Queridos hermanos y hermanas:
El evangelio de hoy es un fragmento del evangelio de san Juan, que sigue a la multiplicación de los panes y los peces que realizó el Señor para no tener que despedir a la gente que le seguía en despoblado y sin comida. El impacto del milagro debió de ser grande, acrecentando el movimiento en torno a Jesús. La multitud busca a Jesús en la orilla oriental del lago, pero Jesús ha regresado con sus discípulos a Cafarnaún, en la orilla occidental, y la gente se vuelve para ir hasta él. El evangelista recompone este discurso fuerte y claro de Jesús, en el que profiere la denuncia profética de una religiosidad interesada, la motivación errada de quienes le buscan. Es verdad que el evangelista elabora el discurso de Jesús, pero el discurso es resultado de la preocupación del evangelista por narrar un acontecimiento de la historia de la salvación como la disputa de los hebreos con Moisés en el desierto y el don del maná, pasaje que recoge la lectura del libro del Éxodo, y el contexto el debate de Jesús con los judíos sobre la fe en la revelación de su persona, cuestión que motiva la multiplicación de los panes y lo peces. La cuestión más honda sobre cómo aceptar la revelación de Jesús estriba en que la fe es don de Dios y sólo Dios puede concederla, por eso Jesús les dice: «Nadie puede venir a mí, si no se lo concede el Padre» (Jn 6,65→6,45)[1].

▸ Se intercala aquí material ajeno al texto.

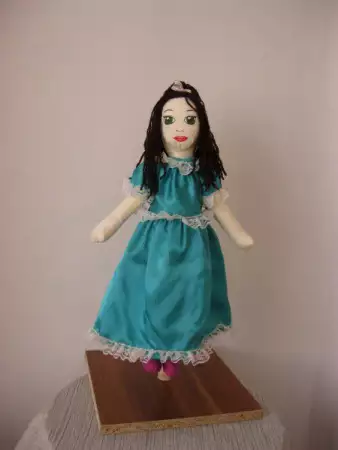 7. Снимка на ръчно изработени кукли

Hemos visto que se da un paralelismo entre la actitud de los israelitas incapaces de afrontar el sacrificio que representa la marcha hacia la tierra prometida, que es tanto como decir hacia la patria en libertad, y protestan por la falta de comida en el desierto. Protestan a Moisés por la situación que padecen y manifiestan sin ambages que hubieran preferido permanecer en la esclavitud de Egipto sentados «alrededor de la olla de carne, comiendo hasta hartarse», a tener que peregrinar hacia la libertad por un desierto sin comida, «para matar de hambre a toda la comunidad» (Éx 16,3). Moisés los tranquiliza con la promesa del maná, que el Señor hará bajar del cielo cada mañana, don con el que Dios quiere poner a prueba al pueblo elegido, al que quiere guiar de etapa en etapa por el desierto para hacerle comprender que no son ellos los que encontraron el camino hacia la libertad, sino Dios que los llama al desierto y los guía hacia la patria prometida. Por eso, el autor presenta la murmuración contra Moisés como expresión del interés del pueblo por su permanencia en Egipto, donde podrían haber comido, y no en el desierto, las ollas de carne que dicen añorar. La falta de comida es para los israelitas un atentado tan grande contra el pueblo que los murmuradores llegan a decirle a Moisés que la falta de alimento y agua puede poner en peligro la nación[2]. A la pregunta de Moisés de por qué tientan a Dios, los murmuradores responden con otra pregunta a Moisés: «¿Por qué nos has sacado de Egipto para matarnos de sed a nosotros, a nuestros hijos y a nuestros ganados?» (16,3).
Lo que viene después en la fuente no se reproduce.